Ibolya Dávid | |
Order: | Minister of Justice |
Term Start: | 8 July 1998 |
Term End: | 27 May 2002 |
Primeminister: | Viktor Orbán |
Predecessor: | Pál Vastagh |
Successor: | Péter Bárándy |
Birth Date: | 12 August 1954 |
Birth Place: | Baja, People's Republic of Hungary |
Profession: | Politician, jurist |
Party: | MDF |
Children: | 2 |
Ibolya Dávid (born 1954 in Baja, Hungary) is a Hungarian lawyer, politician, she was the president of the Hungarian Democratic Forum (MDF) between 1999 and 2010. Dávid was the Hungarian Minister of Justice between 1998 and 2002.
In 1998 as the minister of justice of Hungary she didn't sign off on the presidential pardon of Peter Kunos bank CEO, even though the approval for presidential pardons was previously thought to be customary, and always done by the current minister of justice. Due to the lack of approval the pardon didn't come into effect. This happened the first time in the history of the democratic Hungary.[1] [2]

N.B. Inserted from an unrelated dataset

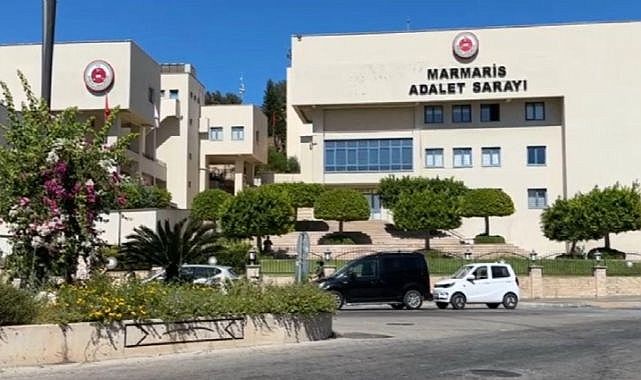 Marmaris&#039;te 17 yaşındaki çocuğu fuhuşa zorlayan 2 kişi tutuklandı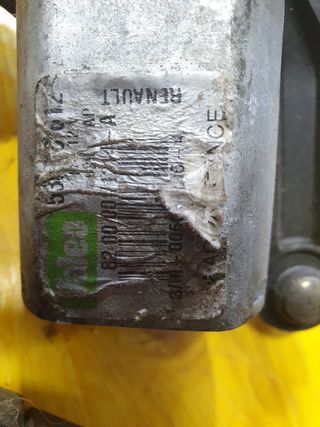 Limpia trasero clio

She was the only female Minister in the government of Viktor Orbán. After the MDF fraction was disbanded, Dávid was a member of the Hungarian Parliament as an independent. Dávid made the controversial decision to nominate Lajos Bokros, a former minister in Gyula Horn's MSZP government, to the European Parliament election on the MDF party list which led to some members leaving the party.
In the 2010 parliamentary election the Hungarian Democratic Forum continued its downward trend and missed the 5% electoral threshold, leaving it shut out of parliament. Ibolya Dávid resigned on 11 April 2010, after the first round. Károly Herényi became her acting successor.